Tüm bu bilgilerin ardından da devam eden tarihe baktığımızda Birinci Anadolu Beylikleri döneminde Danışmentli sultanı Gümüş Tigin Ahmet Gani’nin Sivas başkent olmak üzere Malatya, Tokat ve Amasya’ da egemenlik kurmuş olduğunu, Ahmet Ganinin ölümünden sonra oğlu Emigazi’nin Ankara, Çankırı illeri olarak sınırlarını Bolu’ya kadar genişlettiği bilinmektedir.
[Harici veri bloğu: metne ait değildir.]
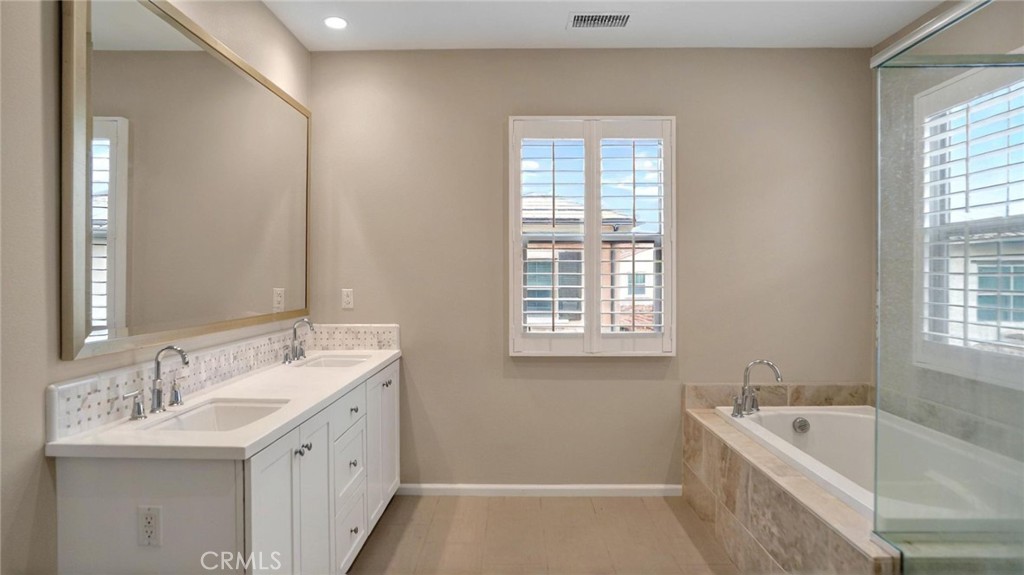 128 Gulfstream Irvine, CA 92620 - Photo 13 of 15 a bathroom with a tub sink and mirror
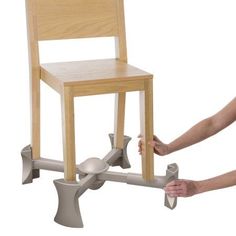 a child's wooden chair being held up by a person with their hand on the seat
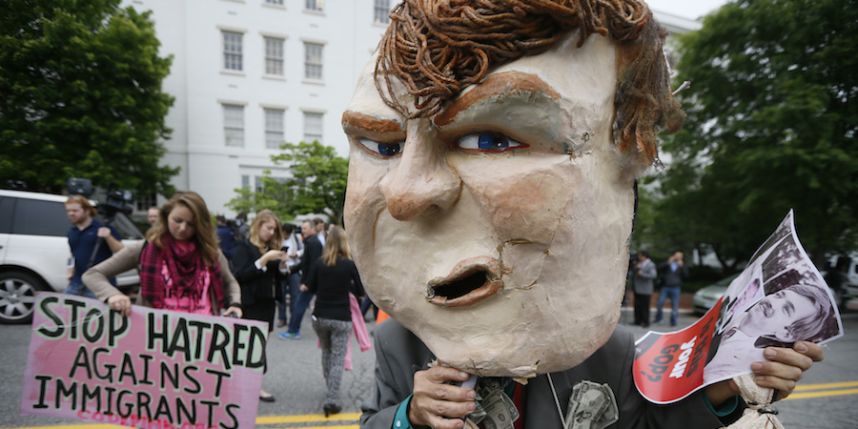 A masked protester demonstrates outside Republican National Committee headquarters where Republican U.S. presidential candidate Donald Trump was meeting with House Speaker Paul Ryan and RNC Chairman Reince Priebus in Washington D.C. on May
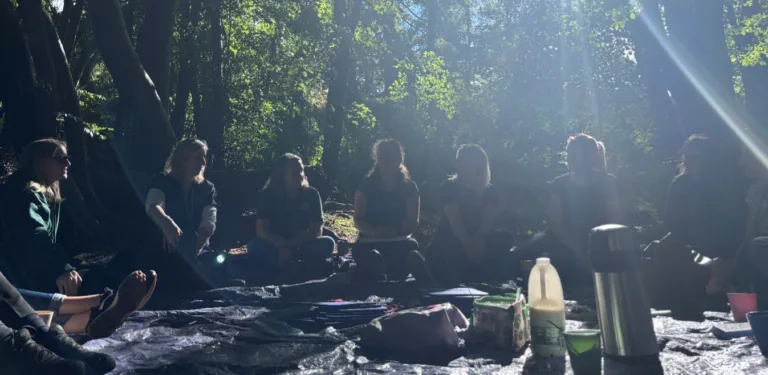 Adults sitting on tarpaulins in the woods with tea-making equipment in the middle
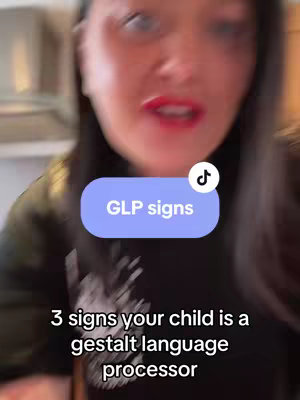 A selfie-style video cover featuring a woman speaking to the camera. There are two text overlays: a rounded rectangle with “GLP signs” and the title “3 signs your child is a gestalt language processor”. The woman is centered with a blurred background showing an interior setting.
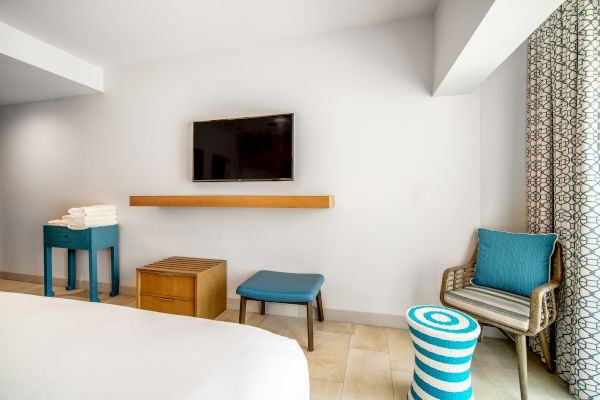 A minimalist hotel room with a wall-mounted TV, small table with towels, stool, chair with pillow, striped ottoman, and patterned curtains.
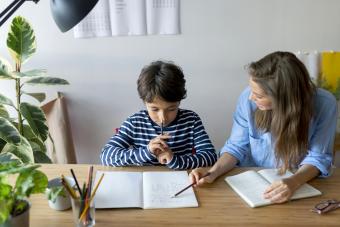 Tutor explaining to boy through book on table at home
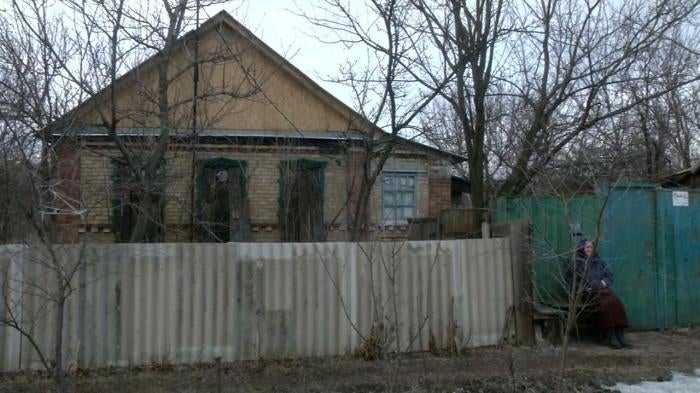 Older woman seating in font of a house in Ukraine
Emirgazi’nin ölümünden sonra, II. Kılıçarslan (1178) de bu beyliğin topraklarını Anadolu Selçuklu Devleti sınırları içerisinde almıştır. Selçuklu Ordusunun (1243) tarihinde yapılan Kösedağ Meydan Savaşı ile Moğol ordusuna yenilmesi Moğollar, 150 sene müddetle Anadolu’nun maddi ve manevi kaynaklarını yağmalamışlardır.
Moğol sömürüsü altında ezilen Selçuklu Devleti bütün gücünü kaybetmiş, II. Mesut’tan sonra dağılarak yerini beyliklere bırakmıştır(1308). II. Anadolu Beylikleri döneminde kurulan Eretna Beyliği ( 1335-1390 ) Ankara, Kayseri, Konya ve Erzurum’a kadar geniş bir alan üzerinde hakimiyet kurmuştur. Eretna sülalesine de Kadı Burhanettin Ahmet son vermiştir. Kadı Burhanettin 1397-1398 tarihinde öldürülmüştür. Oğlu Alaattin Çelebi (Zeynel Abidin) kısa bir süre Sivas’ta tahta çıkmıştır. Bu arada Anadolu halkı yaklaşan Timur tehlikesinin de etkisiyle Osmanlı Devletine tabi olmuş, katılmıştır. Bu dönemde de görevlerinin bilincinde olan Akyurt halkı, Osmanlının yanında yer almanın yanı sıra, Osmanlı Padişahı Yıldırım Beyazıt Hana’ da otağını kurduğu yeri vererek ev sahipliği yapmıştır. Bunu da Genelkurmay Başkanlığı’nca hazırlanmış krokilerden görebiliriz.